TASK TO COMPLETE ▸ Images are to be omitted, and the rest of the records reproduced exactly.

::: EXTRACTED ENTRIES

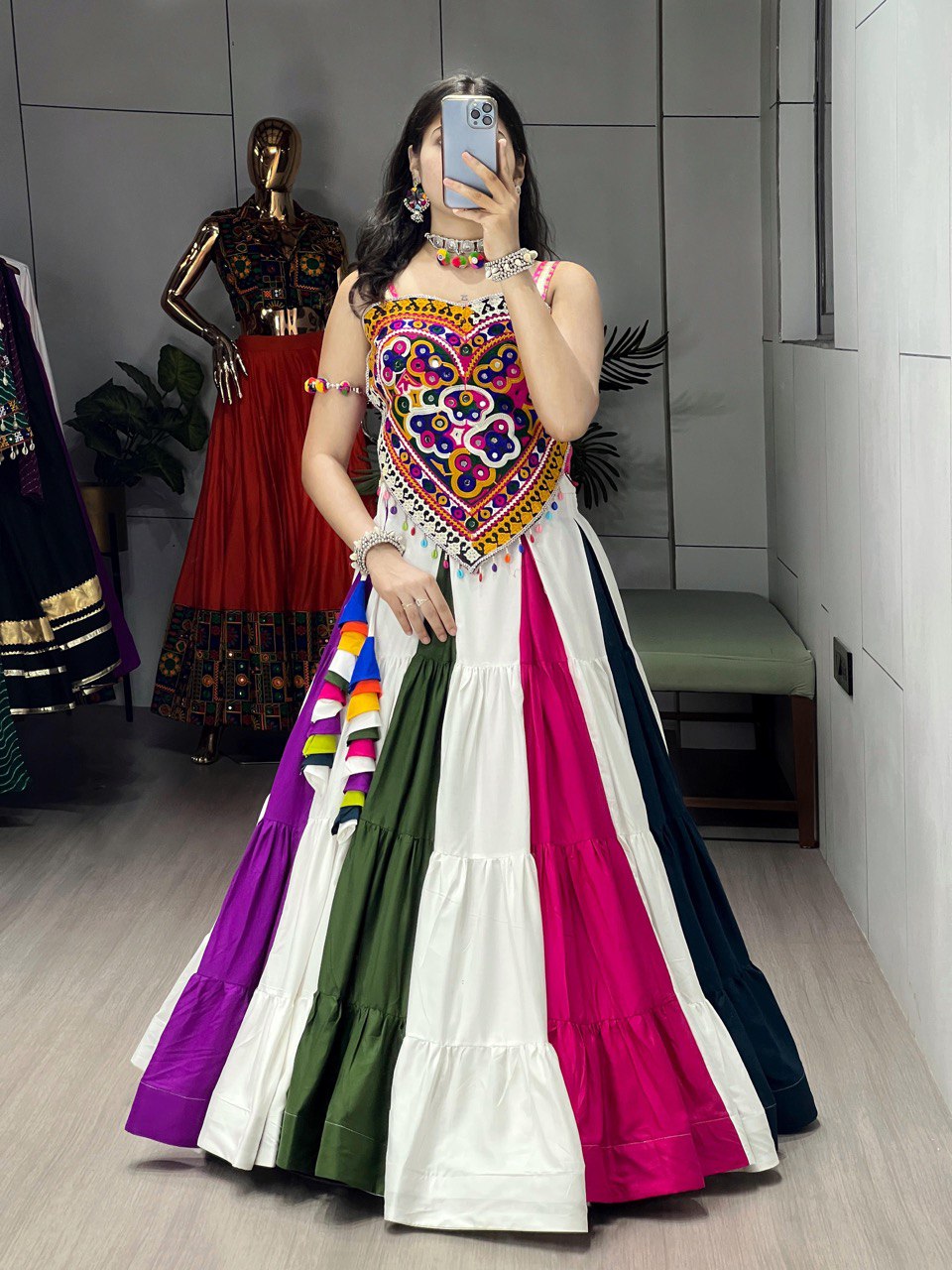 Front Side Kutchi Work Lehenga Choli - Image 4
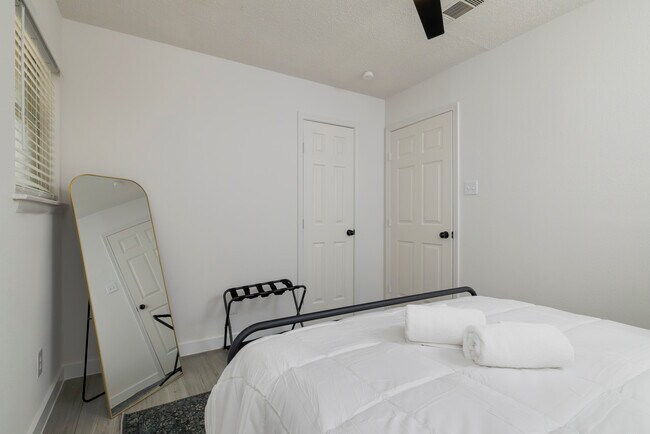 Building Photo - 1704 Kynette Dr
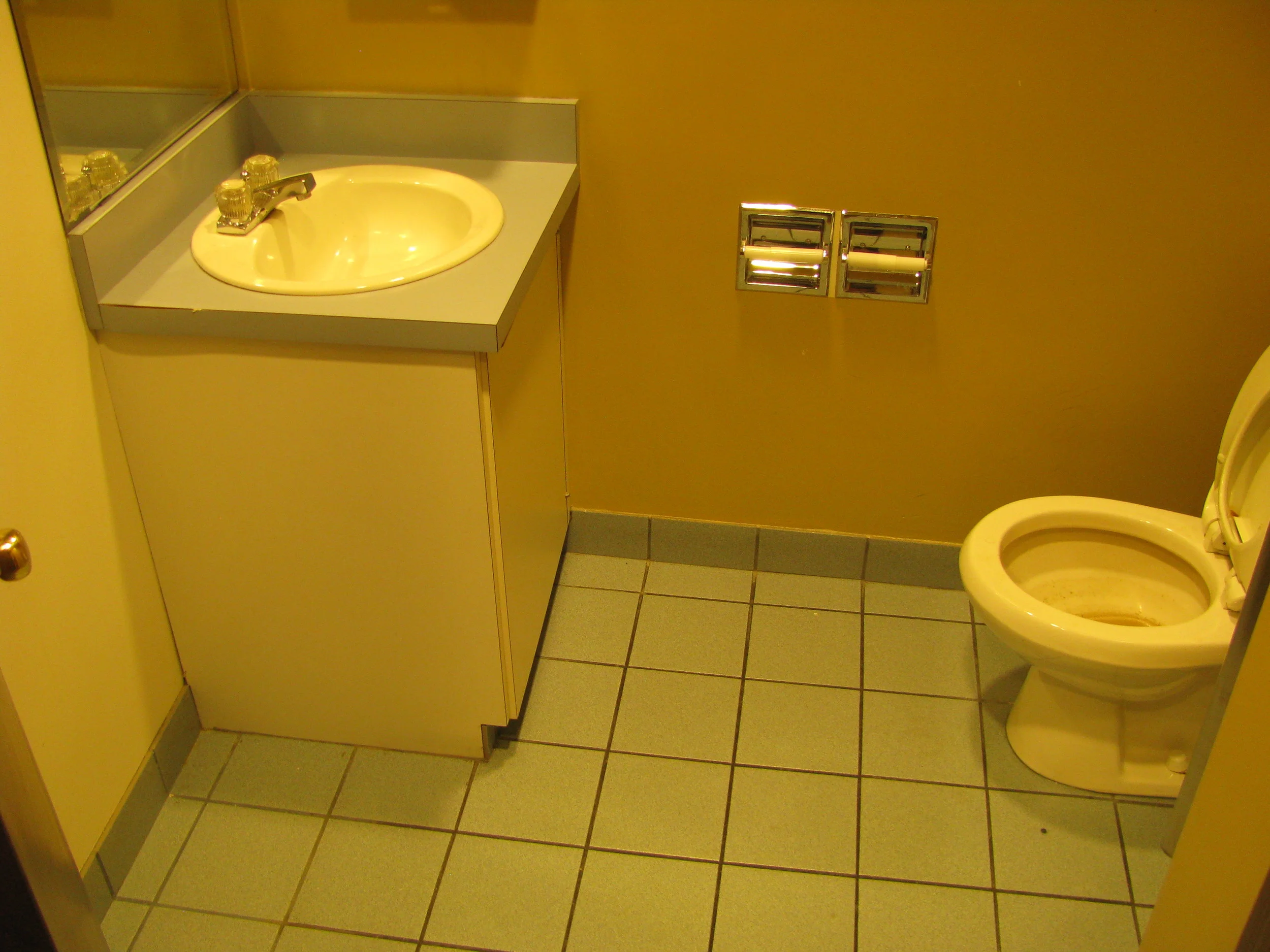  Existing washroom prior to renovations. 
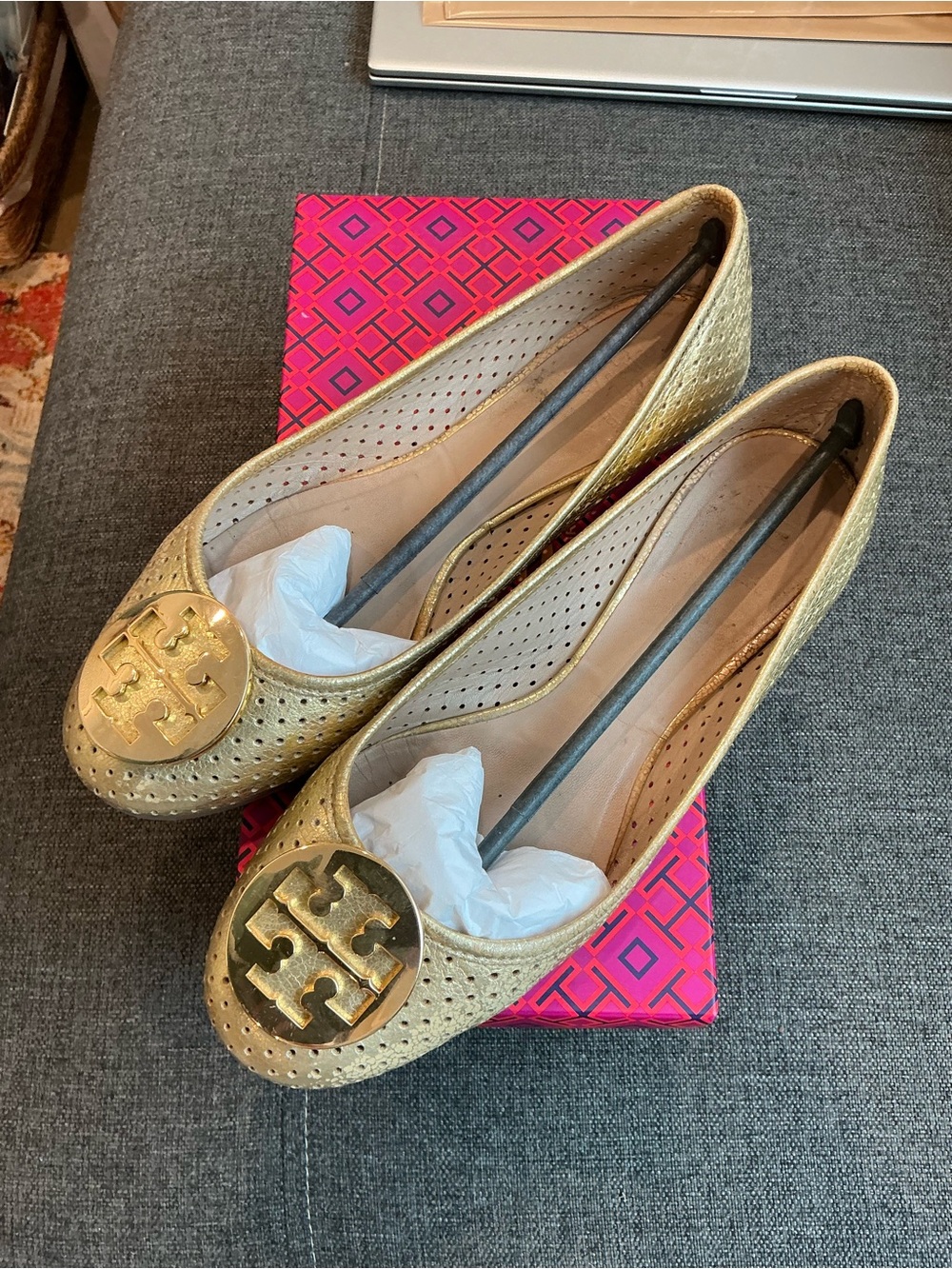 Tory Burch Reva Metallic Gold Perforated Ballet Flats Logo Medallion size 9.5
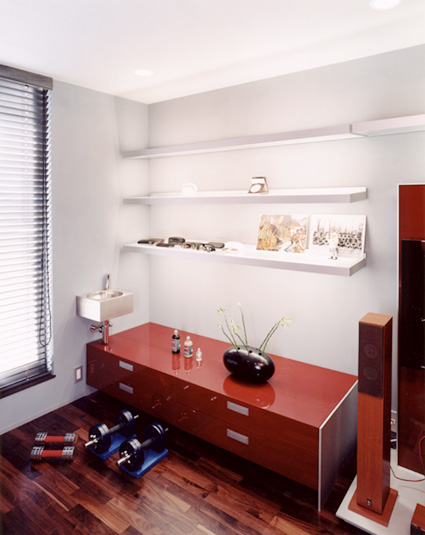 ディスプレイを楽しめる収納棚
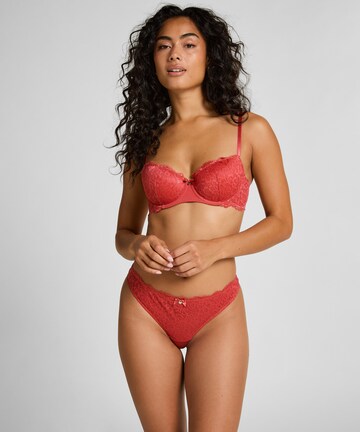Hunkemöller Bra in Red: front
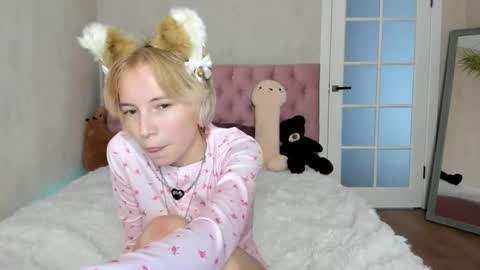 Snapshot of pink_lila18 chatting on September 22, 9:00 am pink_lila18 online show from September 22, 9:00 am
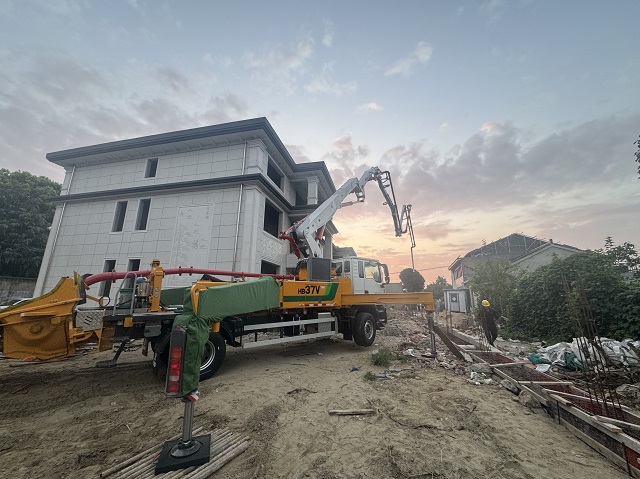 乡村振兴！徐工HB37V泵车助力泰州高港新农村自建房建设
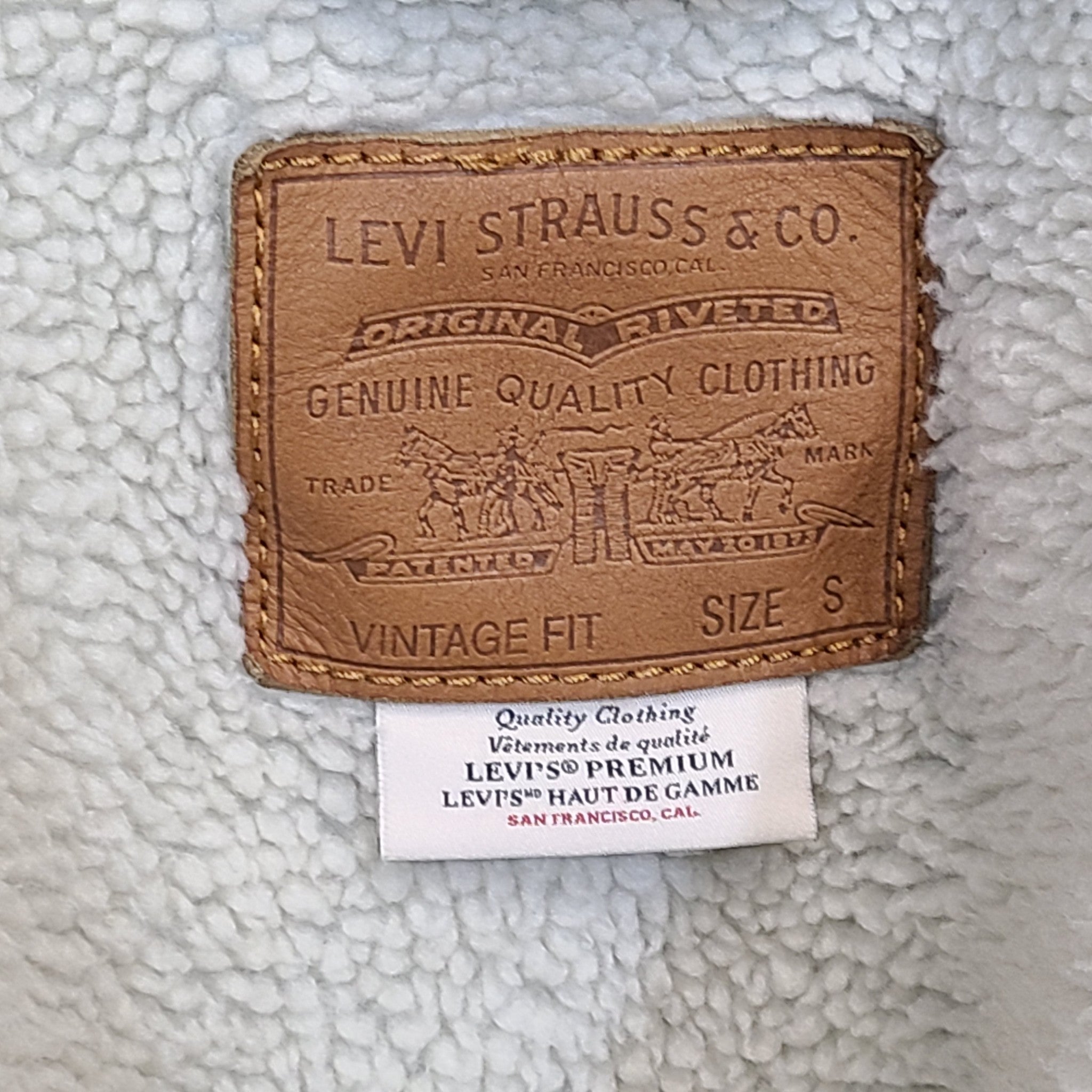 Levi's Premium Vintage Relaxed Sherpa Trucker Jacket Denim Jean Light Wash S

::::::

RESPONSE TO THE TASK ▸
 Front Side Kutchi Work Lehenga Choli - Image 4
 Building Photo - 1704 Kynette Dr
  Existing washroom prior to renovations. 
 Tory Burch Reva Metallic Gold Perforated Ballet Flats Logo Medallion size 9.5
 ディスプレイを楽しめる収納棚
Hunkemöller Bra in Red: front
 Snapshot of pink_lila18 chatting on September 22, 9:00 am pink_lila18 online show from September 22, 9:00 am
 乡村振兴！徐工HB37V泵车助力泰州高港新农村自建房建设
 Levi's Premium Vintage Relaxed Sherpa Trucker Jacket Denim Jean Light Wash S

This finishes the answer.